En l’espèce, la partie adverse n’expose pas – et la commission n’aperçoit pas – en quoi les informations reprises dans les analyses d’impact quant à l’identification des risques ne doivent pas être communiquées.
10. En ce qui concerne les mesures prises en réponse aux risques identifiés, d’autre part, la publicité des mesures de sécurité techniques, infrastructurelles ou informatiques adoptées paraît, à première vue, pouvoir porter atteinte à la protection des données personnelles, et plus largement, pouvoir menacer les finalités poursuivies par la surveillance par caméras, dont notamment la sécurité de la population, l’ordre public ou la recherche et la poursuite de faits punissables. Il est donc de principe que la partie des analyses d’impact relative à ces mesures, correspondant à l’article 35, § 7, d), du RGPD, ne doit donc pas être communiquée.
En l’espèce, si les analyses d’impact produites donnent certaines indications sur les mesures de sécurité prises, il reste que ces informations demeurent relativement générales. Elles n’identifient pas clairement la localisation des dispositifs de sécurité ni ne précisent dans le détail les modalités concrètes de protection. Partant, leur divulgation ne semble pas de nature à entraîner des failles de sécurité de l’information sur les infrastructures techniques.
Ces informations particulières doivent être également communiquées.
11. La partie adverse soutient, « à titre éminemment subsidiaire », que les analyses d’impact doivent être considérées comme des documents sous « diffusion restreinte » au sens de l’article 20 de l’arrêté royal du 24 mars 2000 portant exécution de la loi du 11 décembre 1998 relative à la classification et aux habilitations attestations et avis de sécurité, qui dispose comme suit :
« Les documents dont l'autorité d'origine veut limiter la diffusion aux personnes qualifiées pour en connaître sans attacher à cette limitation les effets juridiques prévus par la loi, sont revêtus de la mention " Diffusion restreinte " ».
L’autorité d’origine est définie, à l’article 1er, 2°, de l’arrêté royal du 24 mars 2000 comme suit :
« […] le titulaire d'une habilitation de sécurité qui est :
a) l'auteur ou le responsable de la pièce;
b) le supérieur hiérarchique à l'autorité duquel ressortit la pièce ».
En l’espèce, la partie adverse ne soutient pas être titulaire d’une habilitation de sécurité en vertu de l’article 22 de la loi du 11 décembre 1998 relative à la classification, aux habilitations de sécurité, attestations de sécurité, avis de sécurité et au service public réglementé, ni a fortiori en quoi celle-ci peut viser les analyses d’impact litigieuses.

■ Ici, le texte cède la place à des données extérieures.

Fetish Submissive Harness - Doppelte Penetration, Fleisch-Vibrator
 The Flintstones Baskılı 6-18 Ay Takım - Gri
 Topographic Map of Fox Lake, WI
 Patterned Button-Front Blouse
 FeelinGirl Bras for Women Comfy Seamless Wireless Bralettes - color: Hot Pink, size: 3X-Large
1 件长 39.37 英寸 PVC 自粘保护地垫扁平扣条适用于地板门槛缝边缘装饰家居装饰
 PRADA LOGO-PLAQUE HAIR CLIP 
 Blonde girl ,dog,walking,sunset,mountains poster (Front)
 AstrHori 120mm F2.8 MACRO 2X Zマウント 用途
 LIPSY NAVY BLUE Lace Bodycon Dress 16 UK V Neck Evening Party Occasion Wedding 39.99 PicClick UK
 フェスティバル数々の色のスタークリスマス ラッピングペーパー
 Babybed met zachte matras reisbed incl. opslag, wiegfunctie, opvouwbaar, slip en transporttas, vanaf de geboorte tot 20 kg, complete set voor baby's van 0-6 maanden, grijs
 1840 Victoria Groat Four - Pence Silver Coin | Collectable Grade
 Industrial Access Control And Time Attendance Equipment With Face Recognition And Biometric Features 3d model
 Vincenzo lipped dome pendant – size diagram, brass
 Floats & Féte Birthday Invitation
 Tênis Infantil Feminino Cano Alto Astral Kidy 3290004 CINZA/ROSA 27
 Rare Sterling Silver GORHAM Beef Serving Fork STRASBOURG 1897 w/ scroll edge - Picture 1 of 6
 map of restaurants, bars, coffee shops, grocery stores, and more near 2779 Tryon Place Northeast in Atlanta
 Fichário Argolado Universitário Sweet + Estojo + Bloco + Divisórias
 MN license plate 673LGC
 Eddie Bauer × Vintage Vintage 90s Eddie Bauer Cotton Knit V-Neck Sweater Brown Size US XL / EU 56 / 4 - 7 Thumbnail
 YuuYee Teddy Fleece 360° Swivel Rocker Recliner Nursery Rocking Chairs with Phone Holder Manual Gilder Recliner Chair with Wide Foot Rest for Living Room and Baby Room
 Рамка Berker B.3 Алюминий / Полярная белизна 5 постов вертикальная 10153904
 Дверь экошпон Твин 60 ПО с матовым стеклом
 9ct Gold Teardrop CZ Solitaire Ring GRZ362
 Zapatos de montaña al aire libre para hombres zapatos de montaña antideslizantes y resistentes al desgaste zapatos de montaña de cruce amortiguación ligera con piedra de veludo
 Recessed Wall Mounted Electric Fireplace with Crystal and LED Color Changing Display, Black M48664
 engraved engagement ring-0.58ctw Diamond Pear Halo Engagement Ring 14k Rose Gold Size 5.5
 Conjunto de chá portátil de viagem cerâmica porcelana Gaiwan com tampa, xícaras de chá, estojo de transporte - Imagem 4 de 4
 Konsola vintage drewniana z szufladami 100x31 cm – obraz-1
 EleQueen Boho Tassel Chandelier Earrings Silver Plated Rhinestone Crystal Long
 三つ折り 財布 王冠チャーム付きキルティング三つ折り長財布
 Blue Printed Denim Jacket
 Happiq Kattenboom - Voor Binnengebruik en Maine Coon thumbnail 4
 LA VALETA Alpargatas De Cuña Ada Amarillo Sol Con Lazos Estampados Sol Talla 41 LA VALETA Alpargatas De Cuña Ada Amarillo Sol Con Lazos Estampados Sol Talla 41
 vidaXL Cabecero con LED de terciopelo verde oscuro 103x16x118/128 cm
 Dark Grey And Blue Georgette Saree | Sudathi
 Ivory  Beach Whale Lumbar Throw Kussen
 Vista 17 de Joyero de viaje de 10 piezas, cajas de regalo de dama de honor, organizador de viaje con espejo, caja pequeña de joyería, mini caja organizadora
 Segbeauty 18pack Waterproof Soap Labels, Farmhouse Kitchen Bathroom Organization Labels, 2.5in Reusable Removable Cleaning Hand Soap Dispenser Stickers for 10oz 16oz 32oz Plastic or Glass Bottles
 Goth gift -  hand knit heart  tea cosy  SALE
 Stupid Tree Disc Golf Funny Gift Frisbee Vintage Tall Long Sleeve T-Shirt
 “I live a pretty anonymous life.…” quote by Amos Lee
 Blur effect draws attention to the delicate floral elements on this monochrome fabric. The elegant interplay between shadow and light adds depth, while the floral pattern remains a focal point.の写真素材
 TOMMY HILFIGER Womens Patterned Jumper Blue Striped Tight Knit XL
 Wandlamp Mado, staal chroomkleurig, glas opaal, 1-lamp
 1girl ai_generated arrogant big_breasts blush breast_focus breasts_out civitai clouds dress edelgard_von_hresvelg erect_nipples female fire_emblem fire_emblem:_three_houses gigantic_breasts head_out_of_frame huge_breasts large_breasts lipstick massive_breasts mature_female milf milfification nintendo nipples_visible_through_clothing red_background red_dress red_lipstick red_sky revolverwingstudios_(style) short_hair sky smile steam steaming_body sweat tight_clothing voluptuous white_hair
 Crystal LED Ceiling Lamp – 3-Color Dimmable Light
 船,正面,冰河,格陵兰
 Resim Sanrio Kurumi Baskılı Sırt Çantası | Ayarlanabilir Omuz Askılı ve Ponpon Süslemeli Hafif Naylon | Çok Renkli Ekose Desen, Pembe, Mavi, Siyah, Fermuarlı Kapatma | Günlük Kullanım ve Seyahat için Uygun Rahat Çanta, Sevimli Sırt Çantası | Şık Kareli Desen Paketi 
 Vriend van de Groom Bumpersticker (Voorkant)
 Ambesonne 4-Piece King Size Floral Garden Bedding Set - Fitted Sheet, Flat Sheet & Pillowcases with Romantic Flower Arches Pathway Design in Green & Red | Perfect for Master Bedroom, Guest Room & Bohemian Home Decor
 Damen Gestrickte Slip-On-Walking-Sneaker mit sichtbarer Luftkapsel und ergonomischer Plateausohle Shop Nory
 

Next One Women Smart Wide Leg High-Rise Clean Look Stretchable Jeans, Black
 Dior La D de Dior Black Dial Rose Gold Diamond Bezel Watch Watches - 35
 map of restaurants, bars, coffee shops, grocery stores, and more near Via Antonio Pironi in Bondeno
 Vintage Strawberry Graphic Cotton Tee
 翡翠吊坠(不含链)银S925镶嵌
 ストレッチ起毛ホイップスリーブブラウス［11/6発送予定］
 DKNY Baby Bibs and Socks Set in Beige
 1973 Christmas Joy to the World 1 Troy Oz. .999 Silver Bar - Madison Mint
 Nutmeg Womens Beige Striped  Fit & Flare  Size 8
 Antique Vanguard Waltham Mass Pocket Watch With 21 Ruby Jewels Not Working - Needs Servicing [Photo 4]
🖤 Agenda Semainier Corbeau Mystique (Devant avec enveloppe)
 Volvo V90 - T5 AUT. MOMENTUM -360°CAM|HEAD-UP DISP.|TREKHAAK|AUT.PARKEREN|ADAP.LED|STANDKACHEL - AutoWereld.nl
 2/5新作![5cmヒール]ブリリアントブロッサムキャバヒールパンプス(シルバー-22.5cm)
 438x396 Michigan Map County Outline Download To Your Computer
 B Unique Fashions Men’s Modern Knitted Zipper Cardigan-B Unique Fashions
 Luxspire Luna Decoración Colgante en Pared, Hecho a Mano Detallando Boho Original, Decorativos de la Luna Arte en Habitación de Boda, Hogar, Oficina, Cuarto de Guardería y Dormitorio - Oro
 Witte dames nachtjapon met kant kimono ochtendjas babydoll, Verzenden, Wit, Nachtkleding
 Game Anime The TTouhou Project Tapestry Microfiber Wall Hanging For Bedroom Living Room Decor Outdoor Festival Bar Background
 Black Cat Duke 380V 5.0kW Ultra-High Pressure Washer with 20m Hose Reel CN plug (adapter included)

Il y a lieu de rejeter cet argument.
Par ces motifs, la Commission décide :
Le recours a perdu son objet en ce qui concerne les points a) et b) de la demande.
Le recours est fondé en tant qu’il porte sur le point c) de la demande. La partie adverse communique à la partie requérante les analyses d’impact existantes et ce dans un délai de 15 jours à compter de la notification de la présente décision.